No, Iran Is Not Building Iron Dome
Tehran’s missile-defense claim could be a bluff
Iran says it’s building a missile-defense system.
“The latest mid- and long-range missile defense systems will be unveiled on Sept. 22,” an Iranian air defense commander told the semi-official Fars News Agency. He described the new weapons as including “combined systems, artillery and radar systems [and] other new systems.”
This sparked the Washington Free Beacon to proclaim that Iran is building missile defenses “reminiscent of Israel’s Iron Dome system, which destroys rockets in mid-air before they strike the ground.”
Iron Dome is pictured in action in the above photo by the AP’s Tsafrir Abayov.
This seems unlikely. To copy Iron Dome, Tehran would need advanced missile and sensor technology like that developed by Israel—and the U.S., which funded Iron Dome.
But the biggest reason why Iran wouldn’t develop Iron Dome is that the country actually doesn’t need it.
Israel developed Iron Dome because it faces a constant threat of rocket and artillery bombardment from Hezbollah and Hamas. Barring Islamic State radicals conquering Iraq and bombarding Tehran, there is no particular short-range rocket threat for Iran.
Even if there were, the Iranian regime probably wouldn’t be zealous as Israel in spending vast sums to protect its population from unguided rockets that inflict limited damage.
In any event, what the Iranians are describing doesn’t sound like Iron Dome, which can shoot down only short-range rockets and artillery. The Fars article refers to mid- and long-range missile defense, which suggests that Tehran is focusing on stopping ballistic missiles.
Indeed, Saddam Hussein’s Iraq did pound Iranian cities with Scud ballistic missiles in the 1980s.

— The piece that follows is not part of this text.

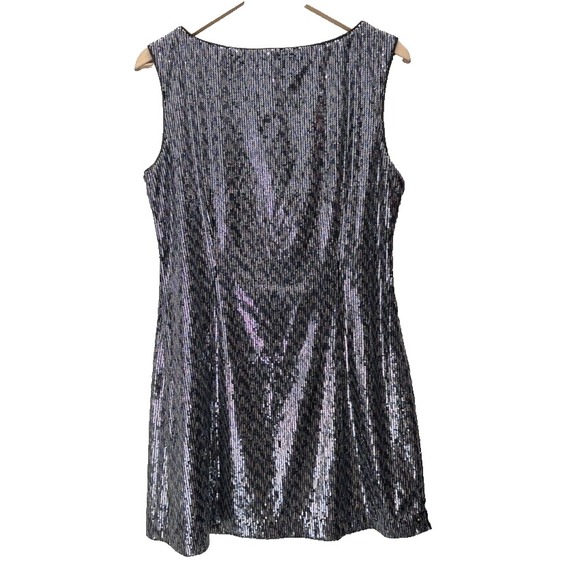 White House Black Market Blue Dress Size L Silver Sequins Party NYE Mini Dress‎ - Picture 4 of 11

Iran replied in kind.
Today, Iran faces Israeli Jericho ballistic missiles tipped with nuclear warheads. Which would point to Iran developing a ballistic missile defense system like Israel’s Arrow, a more sophisticated system than Iron Dome.
Yet the most potent threat to Iran isn’t Israeli missiles … but Israeli warplanes including F-15s, F-16s, drones and eventually F-35s. This means Iran would benefit more from beefing up its anti-aircraft and anti-drone defenses.
One possibility is that Iran is taking a leaf from the U.S., which used Patriot anti-aircraft missiles to try to shoot down Iraqi Scuds during the 1991 Gulf War. Iran claims to be building a homemade version of Russia’s S-300 surface-to-air missile. Perhaps Tehran will try to modify it to shoot down ballistic missiles.
Or missile defense could turn out to be yet another fake weapon, as so many other of Tehran’s armaments have turned out to be. If it is a bluff, it’s hard to believe that wooden mock-ups will fool or deter the U.S. or Israel from striking Iran.